Padahal, sejumlah negara sudah mengambil langkah dengan efisiensi energi fosil. Salah satunya dengan mengurangi penggunaan energi dari batubara secara perlahan digantikan energi terbarukan.

”Namun, RUU ini tidak fokus pada energi terbarukan, tetapi justru berfokus ​​memberikan insentif untuk perusahaan batubara yang melakukan konversi atau inovasi pada pembangkit listrik tenaga uap (PLTU) sebagai upaya menurunkan emisi,” ujarnya saat diskusi media ”Urgensi Rancangan Energi Baru dan Energi Terbarukan untuk Implementasi Kebijakan Transisi Energi” di Jakarta, Kamis (12/1/2023).

Sementara itu, berdasarkan laporan Indonesia Energy Transition Outlook (IETO) 2023 yang dikeluarkan Institute for Essential Services Reform (IESR), pada 2022 bauran energi terbarukan justru turun menjadi 10,4 persen dibandingkan tahun 2021, yakni sebesar 11,5 persen. Padahal, pemerintah mematok target 23 persen pada 2025.

IESR juga mencatat, selama 20 tahun, sektor energi menjadi penyumbang emisi karbon terbesar di Indonesia, yakni sebesar 32 persen. Dari jumlah tersebut, sektor pembangkit listrik terutama PLTU merupakan kontributor terbesar dari sektor energi.

Grita menuturkan, RUU EBET bukan merupakan satu-satunya cara dalam mendorong transisi energi yang berkeadilan. Pemerintah dapat merevisi kebijakan energi nasional dengan menetapkan target energi terbarukan yang lebih kuat.

”Karena jika masih menetapkan target bauran energi dari batubara sebesar 23 persen pada 2025, Indonesia akan terus menggunakan energi fosil,” katanya.

Menurut juru kampanye Trend Asia, Novita Indri, transisi menuju energi bersih dipersulit dengan kondisi kelebihan pasokan jaringan listrik di wilayah Jawa, Madura, dan Bali. Penghentian dini operasi PLTU batubara harus menjadi prioritas utama pemerintah.

Sementara, pemerintah malah secara bertahap mengurangi penggunaan batubara dengan memanfaatkan teknologi co-firing.
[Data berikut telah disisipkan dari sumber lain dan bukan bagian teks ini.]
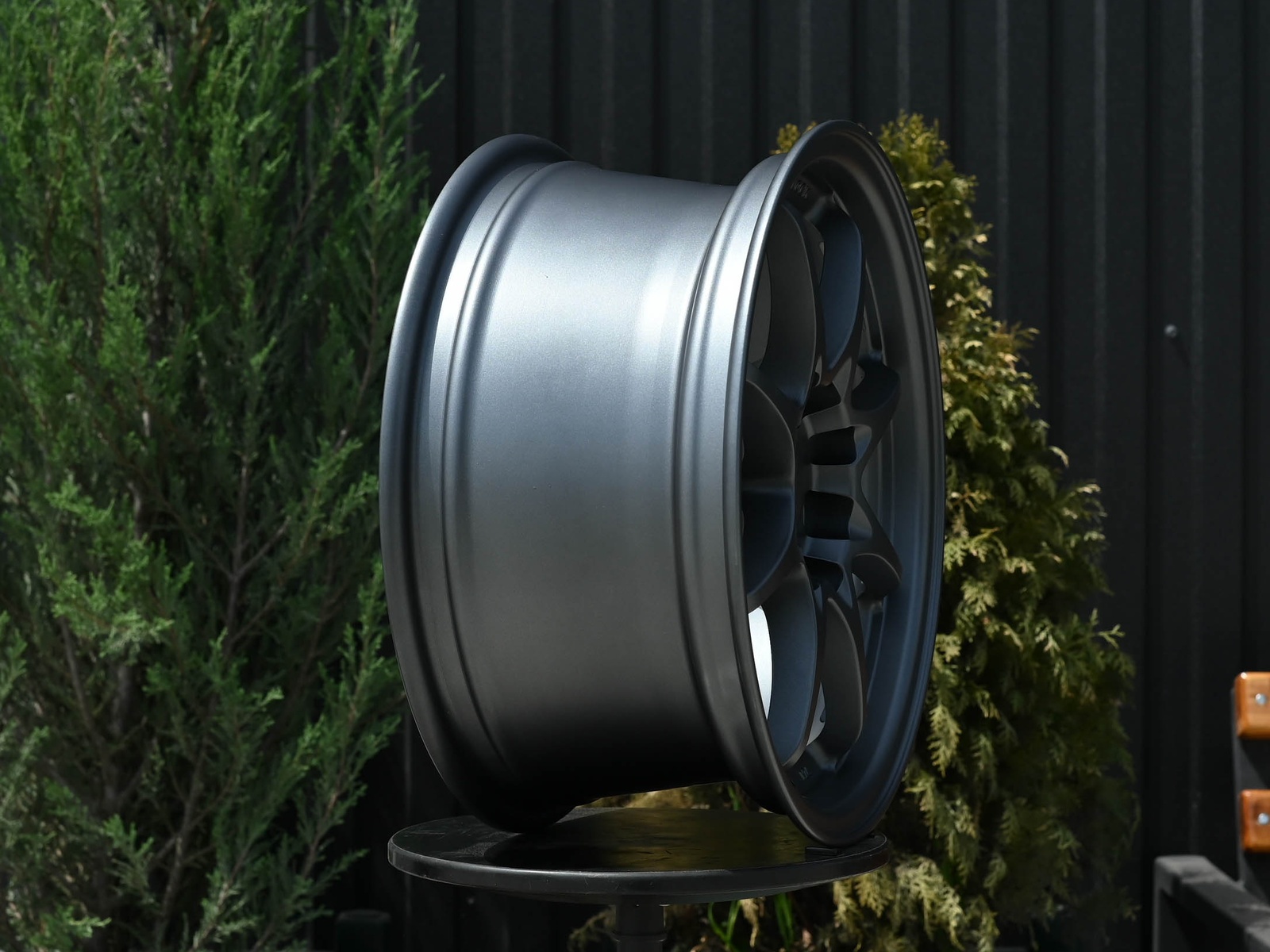 R15 Volk Racing CE28 Стиль 7.0J ET35 4*100/114.3 Графит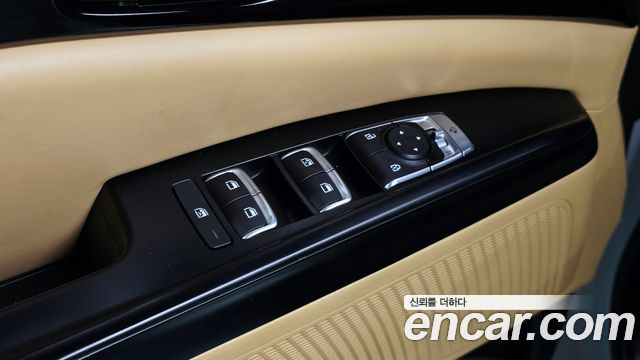 Kia Carnival (IV) Diesel 9-Seater Prestige 2022 — фото 30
Novita mengatakan, strategi ini rawan digunakan untuk memperpanjang usia PLTU dengan embel-embel ”hijau” karena disebut sebagai metode mengurangi emisi dan menambah bauran energi terbarukan.

Trend Asia menghitung bahwa untuk memenuhi kebutuhan bahan bakar co-firing biomassa 10 persen yang direncanakan pemerintah, akan dibutuhkan pengembangan hutan tanaman energi (HTE) seluas hingga 2 juta hektar atau setara 35 kali luas Provinsi Jakarta. Ini setara dengan 3.270.000 lapangan sepak bola.

Masih menunggu DIM

Anggota Komisi VII DPR dari Fraksi Partai Keadilan Sejahtera, Diah Nurwitasari, mengatakan, Komisi VII masih menunggu pemerintah menyerahkan daftar inventarisasi masalah (DIM) RUU EBET untuk segera dibahas. Pada 29 November 2022, draf DIM RUU EBET yang disampaikan oleh pemerintah hanya menyebutkan terdiri dari 574 nomor dengan rincian 52 pasal diubah, 10 pasal tetap, dan 11 pasal baru, tetapi tidak ada dokumen resmi yang diserahkan.
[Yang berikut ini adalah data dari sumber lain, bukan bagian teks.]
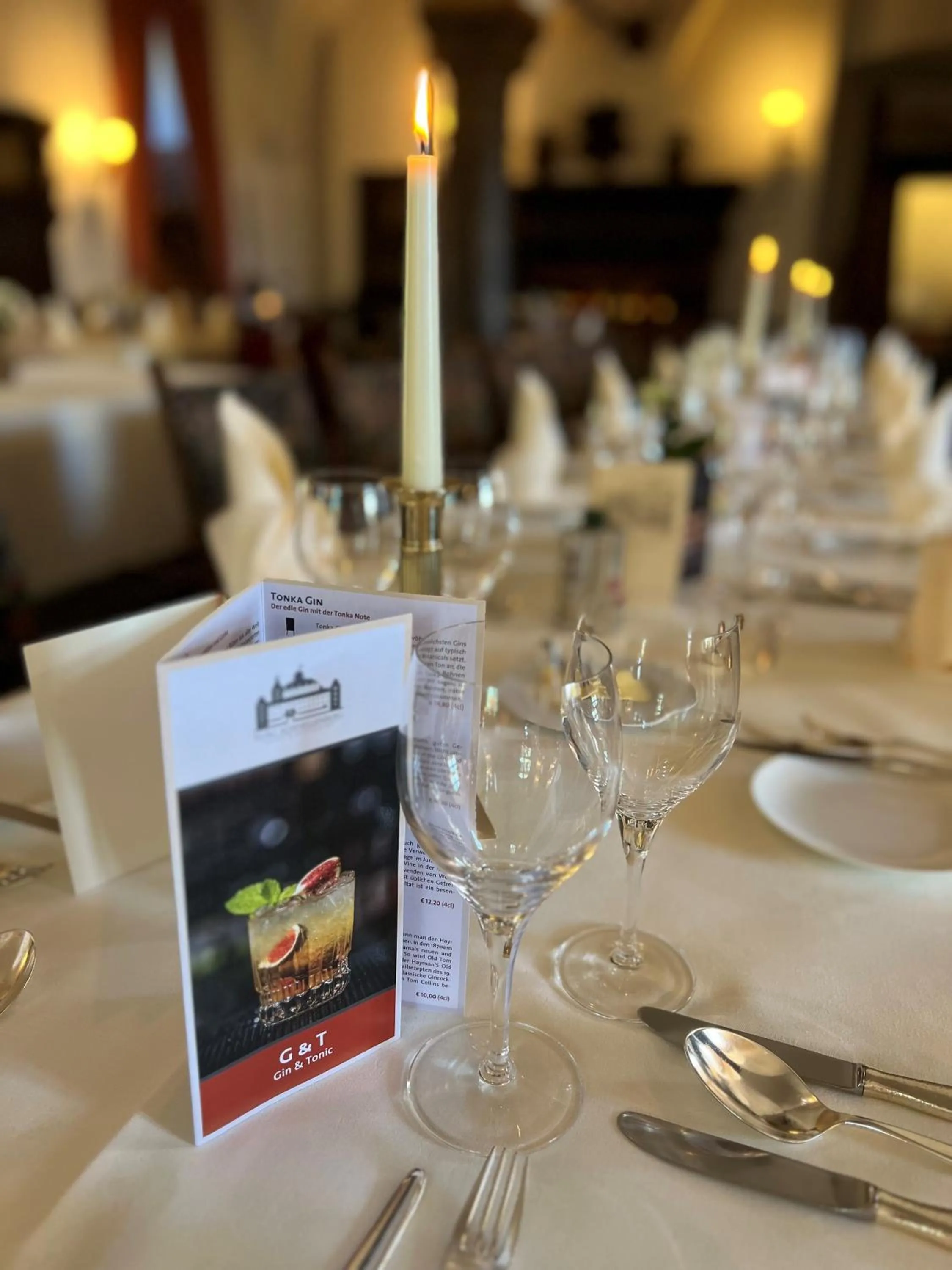 Restaurant/places to eat in Hotel und Restaurant Burg Schnellenberg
”Kita masih belum tahu secara detail pasal-pasal yang diubah karena baru dijelaskan secara garis besar saja, seperti transisi energi dan peta jalan, sumber EBET, hingga menyetujui pembentukan majelis tenaga nuklir,” ujarnya.
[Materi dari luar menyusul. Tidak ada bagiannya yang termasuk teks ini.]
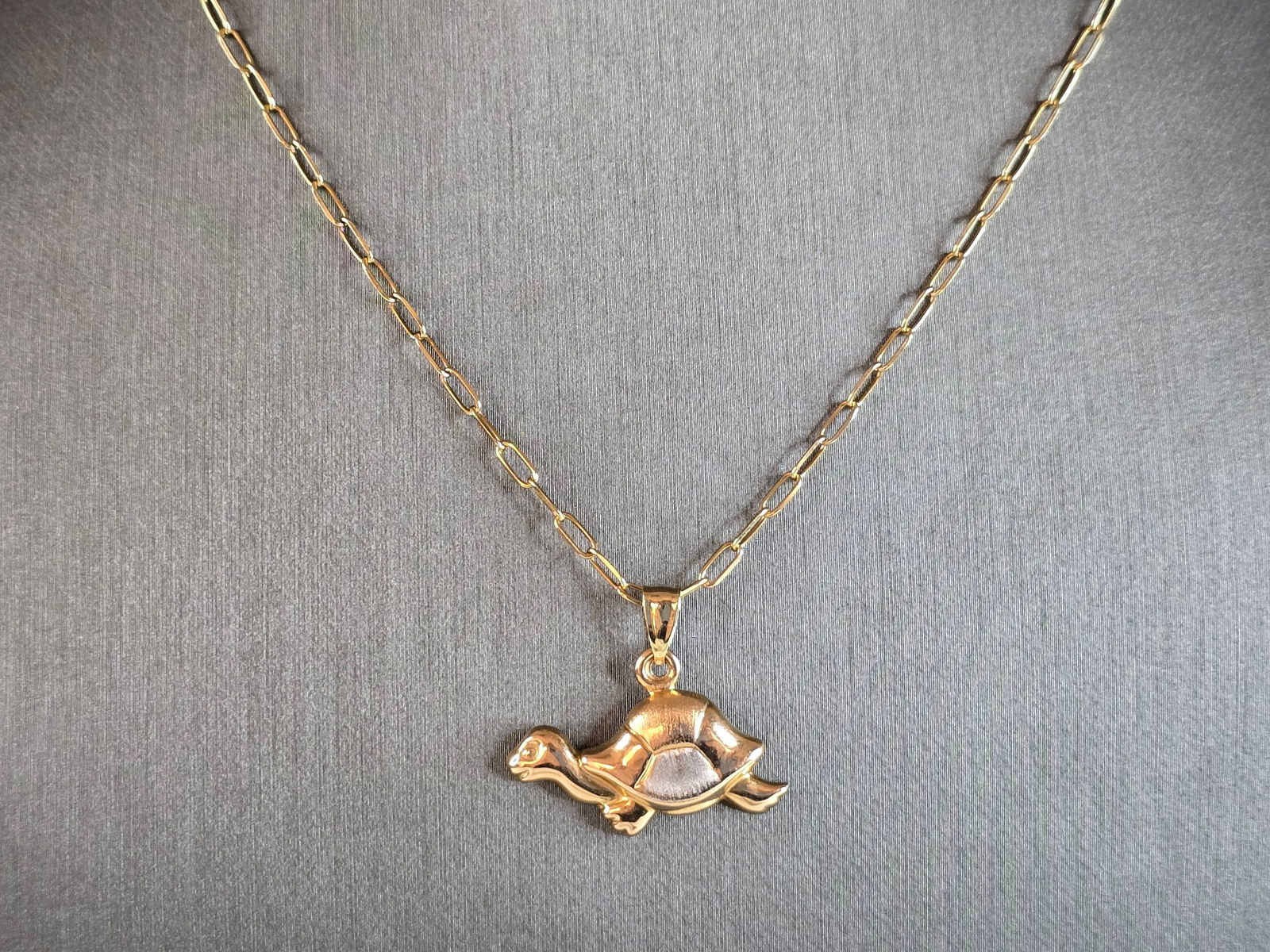 Womens Vintage Estate 14K Gold Necklace W/ Turtle Pendant (1 of 5)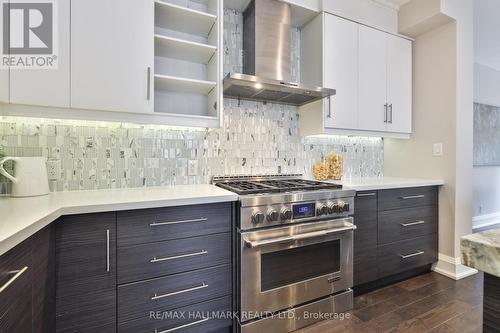 194 Erskine Avenue, Toronto, ON - Indoor Photo Showing Kitchen With Upgraded Kitchen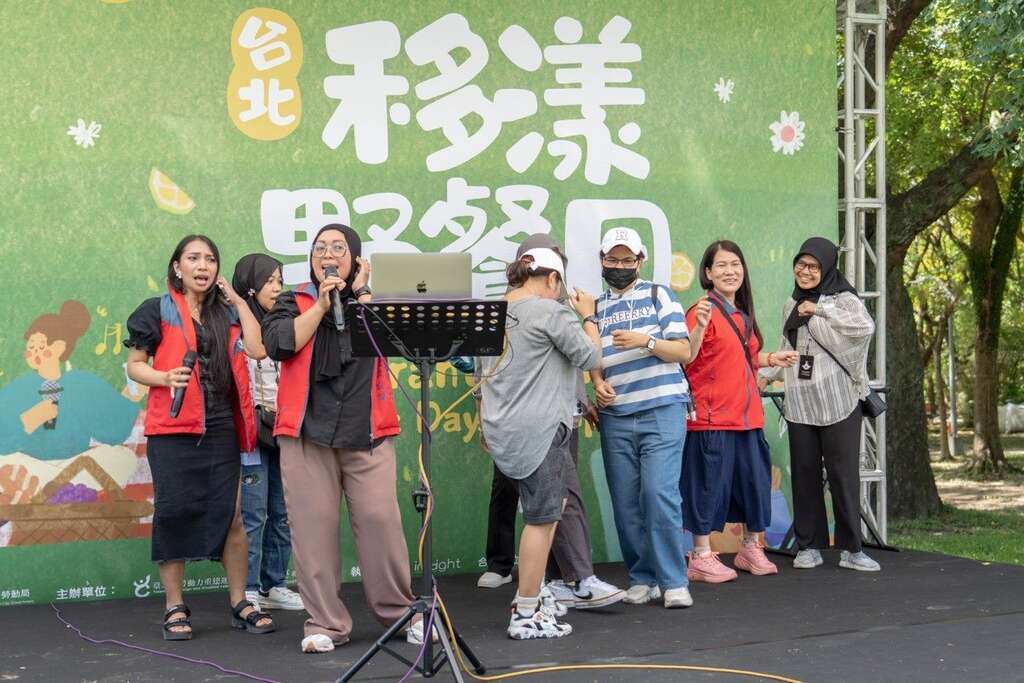 移工舞台欢唱照(图片来源：台北市政府劳动局)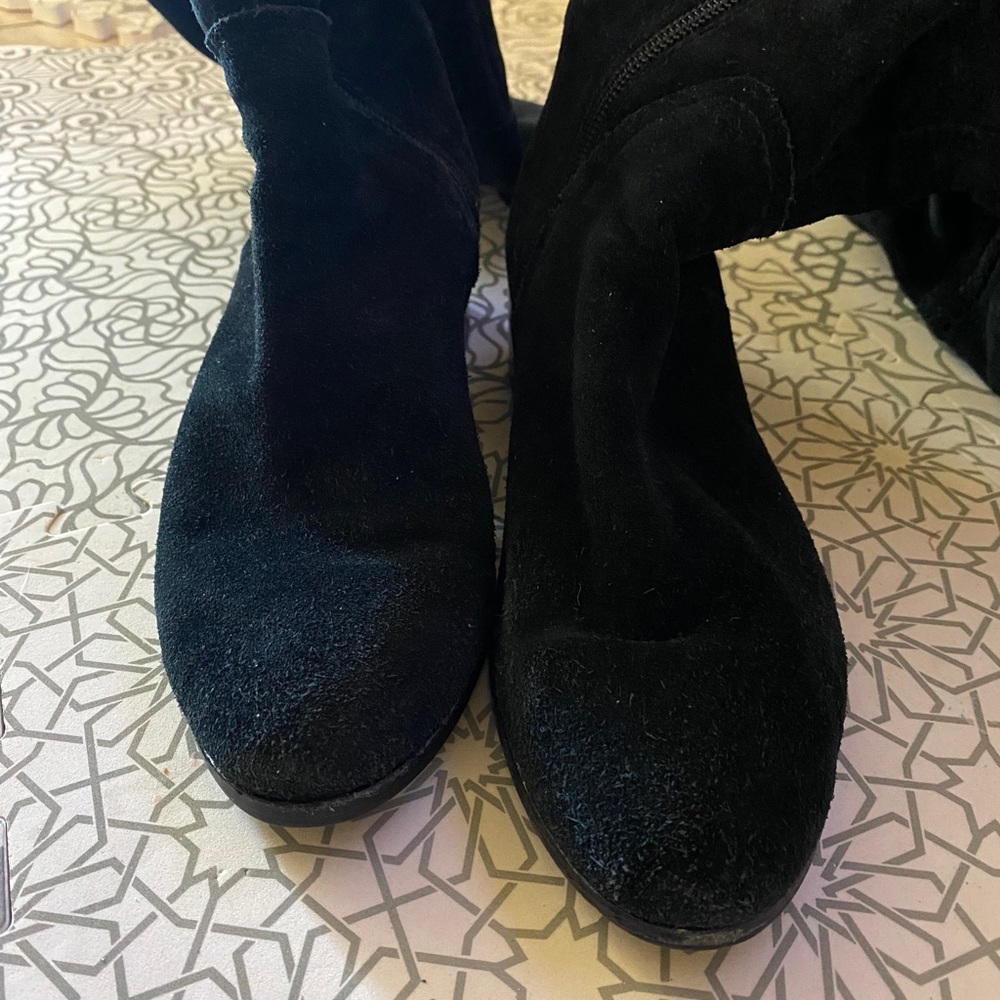 Vince Camuto suede boots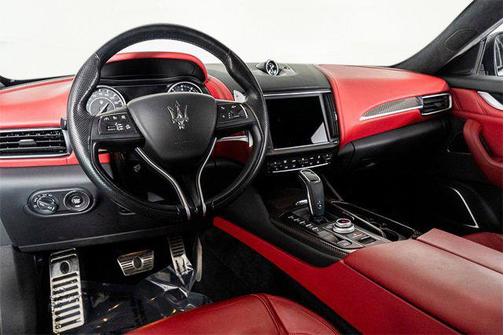 2022 Maserati Levante Modena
Direktur Jenderal Energi Baru, Terbarukan, dan Konservasi Energi Kementerian Energi dan Sumber Daya Mineral Dadan Kusdiana mengatakan, hal yang alot dalam pembahasan DIM RUU EBET antar-kementerian ialah terkait penggunaan bersama jaringan transmisi atau power wheeling. Namun, sudah ada sejumlah opsi sehingga DIM diharapkan bisa segera dirampungkan untuk dibahas di DPR (Kompas.id, 30/11/2022).